By virtue of applying the first layer comprising silicon to the second layer comprising SiC, the quality of each surface of the first and second layers can be independently ensured, thereby resulting in high quality of each surface, and especially the interface between the layers. Further, as this process does not oxidise any SiC, the problems associated with carbon gettering at the interface are overcome. Thus the interface provided by the present invention is of high quality. Naturally, great care is needed in the preparation of the SiC layer as high levels of cleanliness and flatness are desired.
Wafer bonding can be used to attach the first and second layers to one another. In wafer bonding, a thin layer of single crystal silicon is transferred from a carrier wafer on to the surface of another target wafer, in this case the SiC layer. The transferred layer is of high quality, so it can be oxidised to form an oxide of correspondingly high quality.

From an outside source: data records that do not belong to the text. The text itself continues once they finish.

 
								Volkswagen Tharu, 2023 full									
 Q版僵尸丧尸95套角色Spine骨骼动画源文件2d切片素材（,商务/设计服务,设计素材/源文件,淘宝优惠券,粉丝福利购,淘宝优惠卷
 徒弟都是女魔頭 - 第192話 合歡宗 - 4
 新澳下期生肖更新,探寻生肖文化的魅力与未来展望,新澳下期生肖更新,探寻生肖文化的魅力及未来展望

Further, the present invention provides a semiconductor device manufactured according to the above described method comprising a first layer comprising SiO2 joined to a second layer comprising silicon carbide, whereby an interface is defined between the first and second layers. Additionally, the invention provides an aircraft power distribution system including such a semiconductor device.
There follows a detailed description of embodiments of the invention by way of example only with reference to the accompanying drawings, in which: Fig. 1 is a schematic simplified view of a field effect transistor such as a MOSFET; Fig.2 is a cross-sectional view illustrating the problem of carbon gettering; Fig. 3 illustrates an arrangement of layers according to an embodiment of the invention;
Figs 4A, 4B, 4C and 4D illustrate the stages of a process according to an embodiment of the invention; and
Fig. 5 illustrates a further stage in a process according to an embodiment of the invention.

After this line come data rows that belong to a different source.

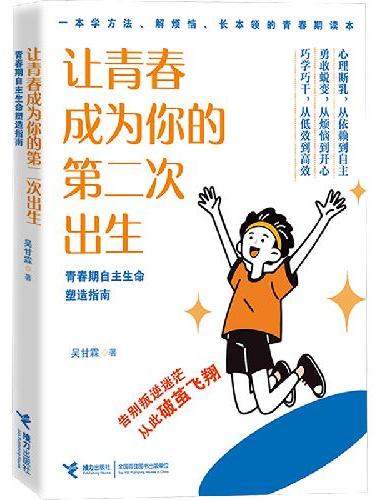 让青春成为你的第二次出生：青春期自主生命塑造指南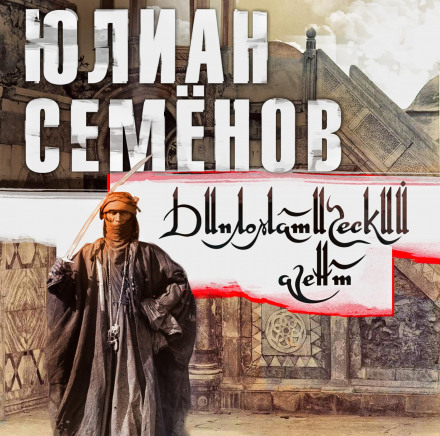 Дипломатичний агент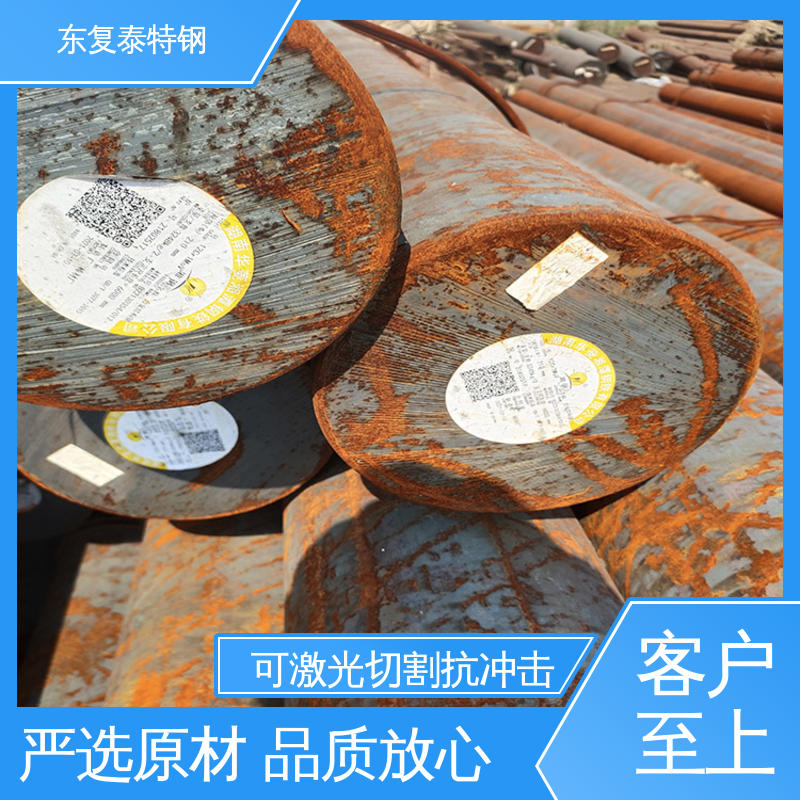 东复泰特钢 35CrMnSi圆钢 物流配送 发货快 抗氧化耐腐蚀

Fig. 1 shows a basic structure of a prior art field effect transistor 1, such as a MOSFET, which comprises a source 2, a drain 4 and a gate 3, each of which includes an electrically conductive contact. A layer 9 of an electrical insulator such as an oxide, for example silicon dioxide, is provided between the source 2, the drain 4, the gate 3 and a substrate 5. Adjacent to the layer 9, when the MOSFET is switched on by applying a potential to the gate 3, a conductive channel 10 is formed in the substrate 5, allowing current to flow between the source 2 and the drain 4. In an n-channel MOSFET, the substrate 5 comprises a p-type material and the source 2 includes a first region 7 of n-type material, whilst the drain 4 includes a second region 8 of n-type material. In order to switch on the n-channel MOSFET, a positive electrical potential is applied to the gate 3, thereby attracting negative charge carriers towards the non-conductive layer 9, and if the applied potential exceeds the threshold for switching the device on, a channel 10 of essentially n-type material is formed. A continuous conduction path of n-type material is thereby provided between the source 2 and the drain 4 allowing current to flow therebetween. Upon removal of the potential at the gate 3, the charge carrier distribution within the substrate 5 reverts to its normal state, thereby removing the conductive channel 10 and switching the device off. The present invention is also applicable to p-channel MOSFETs wherein the p-type and n-type materials are arranged in an opposite configuration to that just described. In general terms, the invention is applicable to any type of MOSFET, or other semiconductor devices which require an interface between a semiconducting layer and an insulating layer.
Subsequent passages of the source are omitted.